Em nenhum momento defendi (e nem defendo) uma redução nos gastos com saúde. Meus colegas (ditos economistas ortodoxos), pelo que sei, também não defendem a redução dos gastos com saúde. O que esses economistas (ditos ortodoxos) defendem é a construção de um estado que caiba no orçamento (como esse estado será construído é uma decisão da sociedade). Para fazer o estado caber no orçamento muitos economistas (ditos ortodoxos) têm sugerido uma reforma da previdência. A reforma defendida pelos economistas (ditos ortodoxos) inclusive atuaria na direção de diminuir as desigualdades existentes no Brasil (visto que seria mais dura sobre os grupos que têm maiores pensões como os funcionários públicos e os políticos). A sociedade pode aceitar ou discordar dessa proposta. Falta no entanto que a sociedade, em geral, e que os economistas contrários a reforma da previdência, em particular (os ditos economistas heterodoxos), proponham algo no lugar.
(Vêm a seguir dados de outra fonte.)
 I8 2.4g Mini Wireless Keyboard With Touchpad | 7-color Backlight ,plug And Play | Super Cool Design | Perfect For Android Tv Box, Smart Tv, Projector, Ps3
Ou seja, como podemos fazer para que o estado brasileiro caiba dentro do orçamento? Essa é uma resposta que está faltando no debate. Acredito que falta um pouco de realismo aos economistas heterodoxos. As contra-propostas são sempre na direção de mais gastos. Porém, o estado brasileiro está quebrado. Como fazer? Gostaria de ouvir argumentos mais sólidos por parte dos opositores.